Ainda demorei uns tempos. Fui operado a uma apendicite aguda.

Uyyyyy.
Depois fiquei engripado e de cama.

Então?
Só me estreei no início de Fevereiro, com o Das Antas [os argentinos dizem assim] cheio. Venderam-se 44 mil bilhetes e havia uma grande expectativa à minha volta. Ainda por cima o adversário era o Manchester United, que já não estava tão bem como nos anos 60, mas sempre era o Manchester United, treinado por um escocês que já treinara o FC Porto [Tommy Docherty]. Lembro-me perfeitamente da expectativa dos adeptos e dos treinos para emagrecer.

Como?
Com a falta de ritmo de jogo, a operação à apendicite e a gripe, engordei três quilos.

Depois ainda há o fator comida.
Nem me fales, por favoooooor. As tripas. Aquilo é o manjar dos deuses. E as francesinhas, bruuuuu [o som ao telemóvel é encantador] de comer e chorar por mais. Maravilhosas, fascinantes. Há mais, muito mais.

Conte.
O Café Velasquez, nas Antas, um habitual ponto de encontro entre o pessoal do futebol. A Confeitaria Petúlia, com aqueles bolos, aquelas torradas, aquele cheirinho. Que cidade boa para se viver.

E comer, estou a ver.
Eheheheheh, isso também. As tascas, não é assim?

Tascas, isso mesmo.
É do melhor que há. Quanto mais pequenas, melhores.

Então?
Comida com sabor, com identidade.

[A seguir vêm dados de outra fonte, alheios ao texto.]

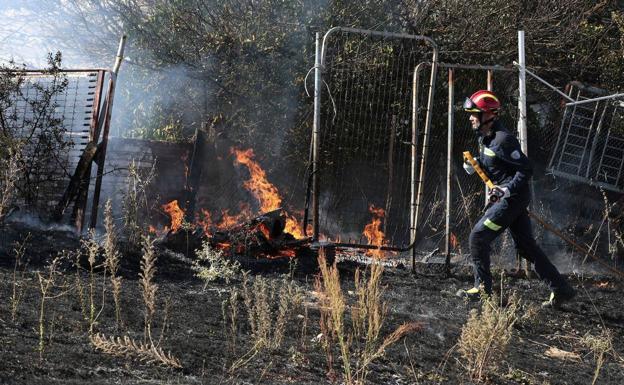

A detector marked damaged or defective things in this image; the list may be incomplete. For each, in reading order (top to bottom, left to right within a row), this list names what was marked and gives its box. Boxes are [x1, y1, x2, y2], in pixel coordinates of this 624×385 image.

rusty metal post [89, 33, 126, 228]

Quando as pessoas constroem o negócio e assumem-no em absoluto, é o mais inteligente. Seja comida, bebida, roupa, táxis. Quando há compromisso, tudo funciona a nosso favor. No negócio das tascas, é assim mesmo: se o dono meter mãos à obra, literalmente, a comida ganha personalidade, identidade própria.

Falávamos da estreia.
Com o United, pois é.

Acabou quantos?
Zero-zero. Fiz quatro remates à baliza antes de ser substituído pelo Oliveira.

E o peso?
Eu e o Riera combinámos que o melhor era baixar para os 82 quilos. E assim foi. Eu só queria jogar, ganhar, marcar golos se possível e voltar ao Barcelona para me impor numa equipa de luxo como o Barça.

Conseguiu?
O início foi tremido. Estreei-me oficialmente em Março, em Guimarães. Empatámos [1-1] e fui expulso, juntamente com um outro da equipa deles [José Carlos]. Na jornada seguinte, já em Abril, porque entretanto houve a Taça de Portugal e limpei aí o jogo de suspensão, recebemos o Benfica e fiz uma boa exibição. O 1-1 é da minha autoria e o penálti do 2-2 é sobre mim. Sabes quem jogava no Benfica? O Eusébio. Grande, enorme. Nesse jogo ele marcou-nos um golo. Um senhor golo, aliás.

Então e depois?
Calma, ainda falta dizer uma coisa importantíssima. Nessa época, o Benfica foi campeão nacional sem derrotas. Só dois empates. O primeiro deles connosco. Esse 2-2 [24.ª jornada]. É um prestígio estar na história do futebol português e do Benfica. Que honra. Se não fossemos nós, o Benfica era campeão sem qualquer ponto perdido. Tenho a certeza.

E depois?
Ainda marquei mais dois golos [um ao Montijo, para o campeonato, outro ao Beira-Mar, para a Taça] e acabou-se a época, num misto de insatisfação porque ficámos em quarto lugar e não nos qualificámos para as competições europeias da época seguinte. Ao mesmo tempo, sentia-me o príncipe dos adeptos. Todos me adoravam, paravam-me na rua, elogiavam-me, abraçavam-me. Era o centro do mundo. Além disso, fui eleito o melhor em campo nalguns jogos e os defesas queriam marcar-me individualmente.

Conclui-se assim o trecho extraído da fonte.